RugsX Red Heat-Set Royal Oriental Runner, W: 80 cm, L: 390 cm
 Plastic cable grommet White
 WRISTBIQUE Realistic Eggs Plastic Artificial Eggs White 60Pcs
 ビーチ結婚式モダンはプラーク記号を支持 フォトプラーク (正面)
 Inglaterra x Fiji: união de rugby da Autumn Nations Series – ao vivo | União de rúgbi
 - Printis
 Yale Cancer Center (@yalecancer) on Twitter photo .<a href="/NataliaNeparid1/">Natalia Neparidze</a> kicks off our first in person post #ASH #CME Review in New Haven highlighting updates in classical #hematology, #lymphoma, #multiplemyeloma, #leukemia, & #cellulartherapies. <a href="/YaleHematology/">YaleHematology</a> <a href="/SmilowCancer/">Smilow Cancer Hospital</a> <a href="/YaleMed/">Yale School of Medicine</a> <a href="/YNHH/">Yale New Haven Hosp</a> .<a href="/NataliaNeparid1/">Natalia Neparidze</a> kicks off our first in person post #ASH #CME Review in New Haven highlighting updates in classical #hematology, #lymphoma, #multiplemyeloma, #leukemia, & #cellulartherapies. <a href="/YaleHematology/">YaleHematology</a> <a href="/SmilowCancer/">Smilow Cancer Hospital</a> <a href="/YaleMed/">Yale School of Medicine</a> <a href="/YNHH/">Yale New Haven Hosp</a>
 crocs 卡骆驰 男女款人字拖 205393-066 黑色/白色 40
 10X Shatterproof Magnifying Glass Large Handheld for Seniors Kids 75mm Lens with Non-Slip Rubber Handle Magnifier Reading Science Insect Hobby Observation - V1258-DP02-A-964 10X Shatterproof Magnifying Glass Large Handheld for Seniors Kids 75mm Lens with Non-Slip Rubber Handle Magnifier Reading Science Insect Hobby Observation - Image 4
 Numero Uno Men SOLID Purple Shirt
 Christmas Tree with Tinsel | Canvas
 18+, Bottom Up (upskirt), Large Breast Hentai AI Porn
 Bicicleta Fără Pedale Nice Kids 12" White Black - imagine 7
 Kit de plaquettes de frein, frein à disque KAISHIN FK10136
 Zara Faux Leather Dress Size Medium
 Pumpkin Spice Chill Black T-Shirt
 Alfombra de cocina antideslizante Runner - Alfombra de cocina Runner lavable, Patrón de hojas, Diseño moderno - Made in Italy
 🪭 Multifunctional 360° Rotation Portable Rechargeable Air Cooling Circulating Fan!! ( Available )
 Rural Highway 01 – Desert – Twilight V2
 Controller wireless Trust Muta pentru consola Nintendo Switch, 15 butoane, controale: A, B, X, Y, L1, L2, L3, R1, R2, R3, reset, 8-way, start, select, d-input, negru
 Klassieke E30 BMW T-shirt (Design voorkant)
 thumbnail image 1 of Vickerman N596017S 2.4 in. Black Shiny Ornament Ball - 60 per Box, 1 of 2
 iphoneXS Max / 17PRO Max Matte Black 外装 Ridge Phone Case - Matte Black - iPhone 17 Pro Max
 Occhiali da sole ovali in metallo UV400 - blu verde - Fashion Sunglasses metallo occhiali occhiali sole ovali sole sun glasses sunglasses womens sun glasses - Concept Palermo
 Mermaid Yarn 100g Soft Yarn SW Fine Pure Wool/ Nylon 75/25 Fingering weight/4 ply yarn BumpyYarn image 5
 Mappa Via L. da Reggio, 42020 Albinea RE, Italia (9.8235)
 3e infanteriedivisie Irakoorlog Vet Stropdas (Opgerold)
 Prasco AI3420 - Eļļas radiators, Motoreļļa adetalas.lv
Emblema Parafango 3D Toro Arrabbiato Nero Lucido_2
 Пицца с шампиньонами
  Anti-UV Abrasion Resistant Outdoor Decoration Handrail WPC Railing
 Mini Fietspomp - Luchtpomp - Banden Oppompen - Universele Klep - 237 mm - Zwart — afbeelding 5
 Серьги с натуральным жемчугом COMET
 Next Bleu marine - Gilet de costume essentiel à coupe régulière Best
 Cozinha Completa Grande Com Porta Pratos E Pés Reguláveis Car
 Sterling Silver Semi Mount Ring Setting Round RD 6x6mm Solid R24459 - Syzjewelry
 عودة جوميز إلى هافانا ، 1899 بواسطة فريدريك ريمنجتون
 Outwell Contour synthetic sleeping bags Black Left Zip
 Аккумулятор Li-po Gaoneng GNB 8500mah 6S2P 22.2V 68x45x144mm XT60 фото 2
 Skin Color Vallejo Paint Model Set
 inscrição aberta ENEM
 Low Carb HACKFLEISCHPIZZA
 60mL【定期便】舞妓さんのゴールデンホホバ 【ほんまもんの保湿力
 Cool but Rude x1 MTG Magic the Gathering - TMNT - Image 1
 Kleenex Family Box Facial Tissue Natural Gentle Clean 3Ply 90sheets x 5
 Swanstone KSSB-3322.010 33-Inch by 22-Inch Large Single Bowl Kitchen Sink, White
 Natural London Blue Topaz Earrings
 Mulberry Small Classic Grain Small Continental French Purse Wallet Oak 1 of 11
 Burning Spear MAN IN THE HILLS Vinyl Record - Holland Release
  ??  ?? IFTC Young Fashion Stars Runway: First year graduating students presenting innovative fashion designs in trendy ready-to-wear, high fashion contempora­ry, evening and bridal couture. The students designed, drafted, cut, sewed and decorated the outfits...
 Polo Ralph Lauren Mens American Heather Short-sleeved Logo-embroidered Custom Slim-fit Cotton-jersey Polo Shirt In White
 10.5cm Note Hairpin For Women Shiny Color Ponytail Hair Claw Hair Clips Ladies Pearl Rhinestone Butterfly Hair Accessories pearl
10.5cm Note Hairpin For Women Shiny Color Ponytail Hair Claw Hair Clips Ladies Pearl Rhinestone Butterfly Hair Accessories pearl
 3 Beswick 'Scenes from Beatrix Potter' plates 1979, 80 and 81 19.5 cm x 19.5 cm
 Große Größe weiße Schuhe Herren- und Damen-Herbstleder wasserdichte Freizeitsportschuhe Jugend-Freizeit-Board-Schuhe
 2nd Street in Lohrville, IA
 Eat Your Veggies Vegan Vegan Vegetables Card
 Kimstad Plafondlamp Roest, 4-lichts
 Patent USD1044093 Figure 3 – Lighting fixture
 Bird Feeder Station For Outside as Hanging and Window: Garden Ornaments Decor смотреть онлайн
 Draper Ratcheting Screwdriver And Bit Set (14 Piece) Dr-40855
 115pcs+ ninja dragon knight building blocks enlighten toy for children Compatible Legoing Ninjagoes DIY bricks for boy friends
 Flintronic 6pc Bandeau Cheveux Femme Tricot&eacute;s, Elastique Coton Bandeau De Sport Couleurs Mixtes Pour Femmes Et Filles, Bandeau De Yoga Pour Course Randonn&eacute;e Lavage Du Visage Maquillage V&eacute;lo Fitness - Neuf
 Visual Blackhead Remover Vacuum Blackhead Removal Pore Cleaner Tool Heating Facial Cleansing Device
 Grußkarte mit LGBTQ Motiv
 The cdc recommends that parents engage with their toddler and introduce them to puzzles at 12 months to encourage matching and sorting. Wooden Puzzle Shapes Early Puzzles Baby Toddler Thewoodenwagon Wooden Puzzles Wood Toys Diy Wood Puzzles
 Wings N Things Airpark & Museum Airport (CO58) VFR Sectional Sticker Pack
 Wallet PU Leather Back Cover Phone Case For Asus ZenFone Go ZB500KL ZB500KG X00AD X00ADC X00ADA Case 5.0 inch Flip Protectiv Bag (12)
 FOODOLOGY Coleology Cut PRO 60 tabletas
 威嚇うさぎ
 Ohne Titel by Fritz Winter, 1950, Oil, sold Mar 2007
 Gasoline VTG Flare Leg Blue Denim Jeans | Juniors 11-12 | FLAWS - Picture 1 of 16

THE TASK.
All lines in the listing above from the line containing "Observation - Image 4" to the line containing "Pumpkin Spice Chill Black T-Shirt", inclusive, should be retyped exactly; no other lines should appear.

PROBLEM SOLUTION.
 10X Shatterproof Magnifying Glass Large Handheld for Seniors Kids 75mm Lens with Non-Slip Rubber Handle Magnifier Reading Science Insect Hobby Observation - V1258-DP02-A-964 10X Shatterproof Magnifying Glass Large Handheld for Seniors Kids 75mm Lens with Non-Slip Rubber Handle Magnifier Reading Science Insect Hobby Observation - Image 4
 Numero Uno Men SOLID Purple Shirt
 Christmas Tree with Tinsel | Canvas
 18+, Bottom Up (upskirt), Large Breast Hentai AI Porn
 Bicicleta Fără Pedale Nice Kids 12" White Black - imagine 7
 Kit de plaquettes de frein, frein à disque KAISHIN FK10136
 Zara Faux Leather Dress Size Medium
 Pumpkin Spice Chill Black T-Shirt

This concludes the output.